> _Scraped caption text data_
======
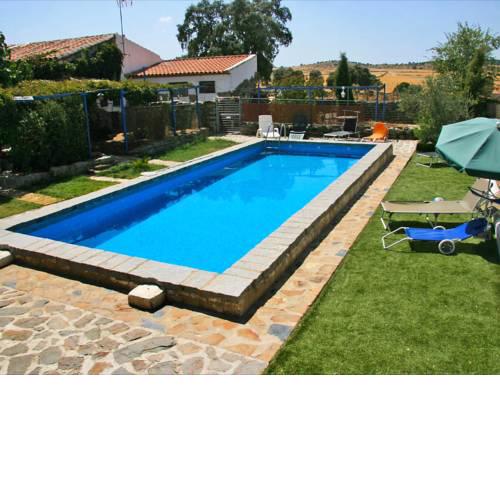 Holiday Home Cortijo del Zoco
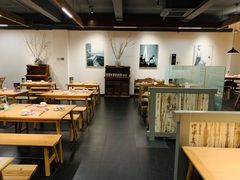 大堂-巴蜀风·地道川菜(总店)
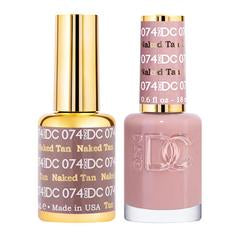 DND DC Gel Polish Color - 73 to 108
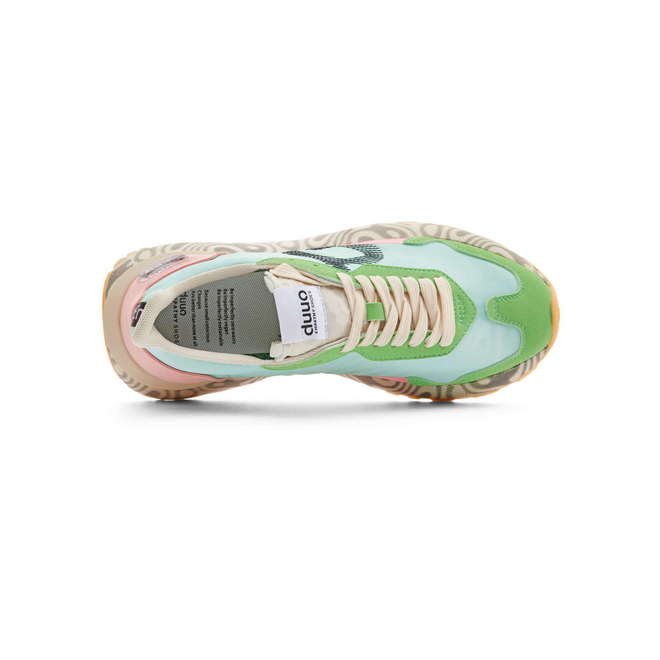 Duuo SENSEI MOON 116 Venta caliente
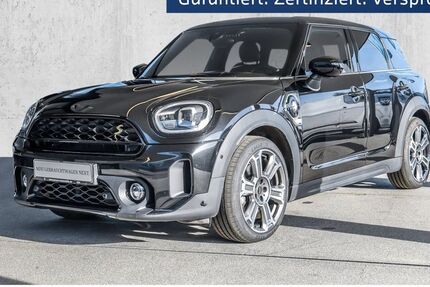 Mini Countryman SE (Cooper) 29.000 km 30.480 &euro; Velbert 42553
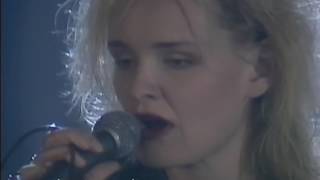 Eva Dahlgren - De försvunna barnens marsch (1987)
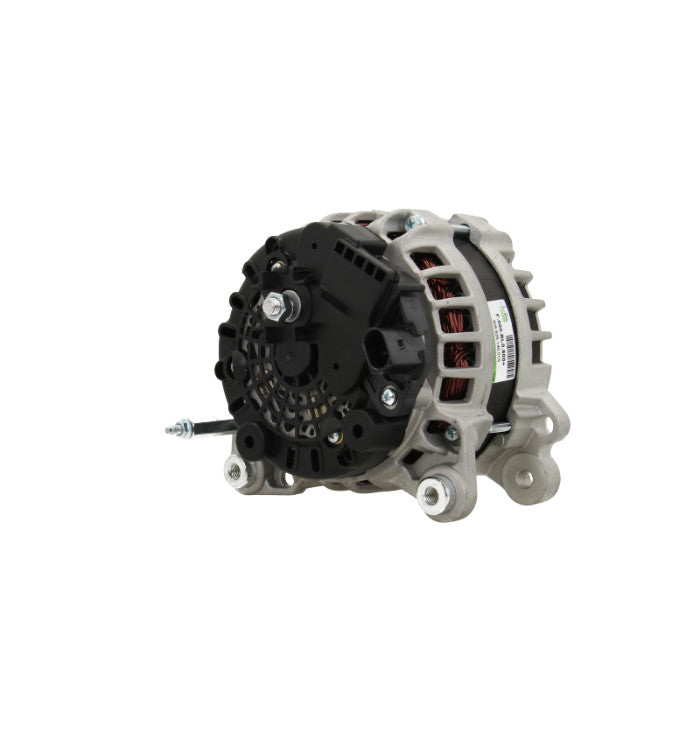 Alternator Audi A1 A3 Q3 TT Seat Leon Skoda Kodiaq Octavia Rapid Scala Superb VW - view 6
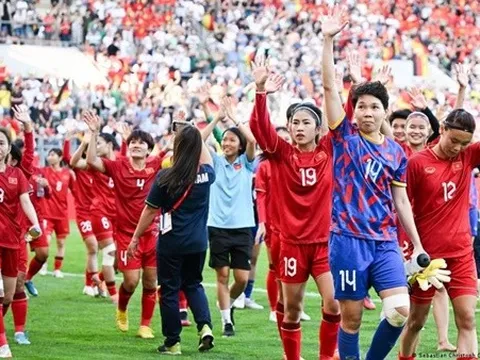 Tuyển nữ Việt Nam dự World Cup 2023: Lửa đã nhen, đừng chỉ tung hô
======
> _Exercise instructions_
All the lines above must be written out exactly, without a single picture.

> _Exercise output_
 Holiday Home Cortijo del Zoco
 大堂-巴蜀风·地道川菜(总店)
 DND DC Gel Polish Color - 73 to 108
 Duuo SENSEI MOON 116 Venta caliente
 Mini Countryman SE (Cooper) 29.000 km 30.480 &euro; Velbert 42553
 Eva Dahlgren - De försvunna barnens marsch (1987)
 Alternator Audi A1 A3 Q3 TT Seat Leon Skoda Kodiaq Octavia Rapid Scala Superb VW - view 6
 Tuyển nữ Việt Nam dự World Cup 2023: Lửa đã nhen, đừng chỉ tung hô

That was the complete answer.